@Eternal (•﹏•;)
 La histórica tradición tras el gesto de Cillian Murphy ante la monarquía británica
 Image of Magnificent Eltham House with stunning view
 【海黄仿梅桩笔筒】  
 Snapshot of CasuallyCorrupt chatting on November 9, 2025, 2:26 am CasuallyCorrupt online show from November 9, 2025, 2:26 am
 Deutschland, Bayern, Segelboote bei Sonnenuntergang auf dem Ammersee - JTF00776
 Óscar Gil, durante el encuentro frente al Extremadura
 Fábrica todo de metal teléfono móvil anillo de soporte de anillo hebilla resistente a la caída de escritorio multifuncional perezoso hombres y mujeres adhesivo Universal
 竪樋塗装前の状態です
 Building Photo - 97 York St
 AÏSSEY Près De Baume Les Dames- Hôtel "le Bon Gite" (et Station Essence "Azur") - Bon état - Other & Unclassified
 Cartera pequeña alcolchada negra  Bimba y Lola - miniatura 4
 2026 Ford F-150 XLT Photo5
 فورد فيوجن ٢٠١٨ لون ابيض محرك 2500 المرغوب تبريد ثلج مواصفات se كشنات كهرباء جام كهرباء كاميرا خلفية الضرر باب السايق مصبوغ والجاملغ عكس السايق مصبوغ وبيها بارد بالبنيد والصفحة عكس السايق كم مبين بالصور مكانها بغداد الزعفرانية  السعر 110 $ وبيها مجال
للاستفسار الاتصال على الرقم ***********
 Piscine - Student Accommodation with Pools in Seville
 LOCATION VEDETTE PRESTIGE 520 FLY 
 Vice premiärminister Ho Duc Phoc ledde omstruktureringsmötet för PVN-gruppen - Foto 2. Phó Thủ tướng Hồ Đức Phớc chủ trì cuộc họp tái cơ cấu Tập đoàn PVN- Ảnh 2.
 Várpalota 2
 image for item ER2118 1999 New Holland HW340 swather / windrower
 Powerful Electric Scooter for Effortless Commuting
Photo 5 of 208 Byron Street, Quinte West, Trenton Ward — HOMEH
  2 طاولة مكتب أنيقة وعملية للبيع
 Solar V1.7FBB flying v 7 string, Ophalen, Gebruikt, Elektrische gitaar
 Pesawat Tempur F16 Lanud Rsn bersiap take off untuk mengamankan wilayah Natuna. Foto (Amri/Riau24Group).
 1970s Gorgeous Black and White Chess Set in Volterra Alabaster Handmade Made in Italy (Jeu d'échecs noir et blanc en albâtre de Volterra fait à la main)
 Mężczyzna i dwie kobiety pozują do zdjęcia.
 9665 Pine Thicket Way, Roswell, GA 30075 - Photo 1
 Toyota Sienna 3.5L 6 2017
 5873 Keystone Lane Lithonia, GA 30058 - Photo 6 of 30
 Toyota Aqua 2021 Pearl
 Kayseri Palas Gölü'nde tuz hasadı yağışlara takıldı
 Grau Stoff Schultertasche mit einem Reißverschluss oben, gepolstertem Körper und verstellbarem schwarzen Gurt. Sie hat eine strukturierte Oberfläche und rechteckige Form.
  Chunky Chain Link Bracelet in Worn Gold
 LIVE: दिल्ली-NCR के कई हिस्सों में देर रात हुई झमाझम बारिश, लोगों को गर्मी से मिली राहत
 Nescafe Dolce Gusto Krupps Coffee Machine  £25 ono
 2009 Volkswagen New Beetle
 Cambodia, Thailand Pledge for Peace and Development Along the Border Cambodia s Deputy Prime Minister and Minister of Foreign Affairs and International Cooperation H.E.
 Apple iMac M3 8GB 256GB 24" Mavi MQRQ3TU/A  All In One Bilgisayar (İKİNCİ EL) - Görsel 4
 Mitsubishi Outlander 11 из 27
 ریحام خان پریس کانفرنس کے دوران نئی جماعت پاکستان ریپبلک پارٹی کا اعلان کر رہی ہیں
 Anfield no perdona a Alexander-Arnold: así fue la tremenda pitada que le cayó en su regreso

*****

What needs to be done:
Write out again every entry above, exactly as given.

Solved problem:
@Eternal (•﹏•;)
 La histórica tradición tras el gesto de Cillian Murphy ante la monarquía británica
 Image of Magnificent Eltham House with stunning view
 【海黄仿梅桩笔筒】  
 Snapshot of CasuallyCorrupt chatting on November 9, 2025, 2:26 am CasuallyCorrupt online show from November 9, 2025, 2:26 am
 Deutschland, Bayern, Segelboote bei Sonnenuntergang auf dem Ammersee - JTF00776
 Óscar Gil, durante el encuentro frente al Extremadura
 Fábrica todo de metal teléfono móvil anillo de soporte de anillo hebilla resistente a la caída de escritorio multifuncional perezoso hombres y mujeres adhesivo Universal
 竪樋塗装前の状態です
 Building Photo - 97 York St
 AÏSSEY Près De Baume Les Dames- Hôtel "le Bon Gite" (et Station Essence "Azur") - Bon état - Other & Unclassified
 Cartera pequeña alcolchada negra  Bimba y Lola - miniatura 4
 2026 Ford F-150 XLT Photo5
 فورد فيوجن ٢٠١٨ لون ابيض محرك 2500 المرغوب تبريد ثلج مواصفات se كشنات كهرباء جام كهرباء كاميرا خلفية الضرر باب السايق مصبوغ والجاملغ عكس السايق مصبوغ وبيها بارد بالبنيد والصفحة عكس السايق كم مبين بالصور مكانها بغداد الزعفرانية  السعر 110 $ وبيها مجال
للاستفسار الاتصال على الرقم ***********
 Piscine - Student Accommodation with Pools in Seville
 LOCATION VEDETTE PRESTIGE 520 FLY 
 Vice premiärminister Ho Duc Phoc ledde omstruktureringsmötet för PVN-gruppen - Foto 2. Phó Thủ tướng Hồ Đức Phớc chủ trì cuộc họp tái cơ cấu Tập đoàn PVN- Ảnh 2.
 Várpalota 2
 image for item ER2118 1999 New Holland HW340 swather / windrower
 Powerful Electric Scooter for Effortless Commuting
Photo 5 of 208 Byron Street, Quinte West, Trenton Ward — HOMEH
  2 طاولة مكتب أنيقة وعملية للبيع
 Solar V1.7FBB flying v 7 string, Ophalen, Gebruikt, Elektrische gitaar
 Pesawat Tempur F16 Lanud Rsn bersiap take off untuk mengamankan wilayah Natuna. Foto (Amri/Riau24Group).
 1970s Gorgeous Black and White Chess Set in Volterra Alabaster Handmade Made in Italy (Jeu d'échecs noir et blanc en albâtre de Volterra fait à la main)
 Mężczyzna i dwie kobiety pozują do zdjęcia.
 9665 Pine Thicket Way, Roswell, GA 30075 - Photo 1
 Toyota Sienna 3.5L 6 2017
 5873 Keystone Lane Lithonia, GA 30058 - Photo 6 of 30
 Toyota Aqua 2021 Pearl
 Kayseri Palas Gölü'nde tuz hasadı yağışlara takıldı
 Grau Stoff Schultertasche mit einem Reißverschluss oben, gepolstertem Körper und verstellbarem schwarzen Gurt. Sie hat eine strukturierte Oberfläche und rechteckige Form.
  Chunky Chain Link Bracelet in Worn Gold
 LIVE: दिल्ली-NCR के कई हिस्सों में देर रात हुई झमाझम बारिश, लोगों को गर्मी से मिली राहत
 Nescafe Dolce Gusto Krupps Coffee Machine  £25 ono
 2009 Volkswagen New Beetle
 Cambodia, Thailand Pledge for Peace and Development Along the Border Cambodia s Deputy Prime Minister and Minister of Foreign Affairs and International Cooperation H.E.
 Apple iMac M3 8GB 256GB 24" Mavi MQRQ3TU/A  All In One Bilgisayar (İKİNCİ EL) - Görsel 4
 Mitsubishi Outlander 11 из 27
 ریحام خان پریس کانفرنس کے دوران نئی جماعت پاکستان ریپبلک پارٹی کا اعلان کر رہی ہیں
 Anfield no perdona a Alexander-Arnold: así fue la tremenda pitada que le cayó en su regreso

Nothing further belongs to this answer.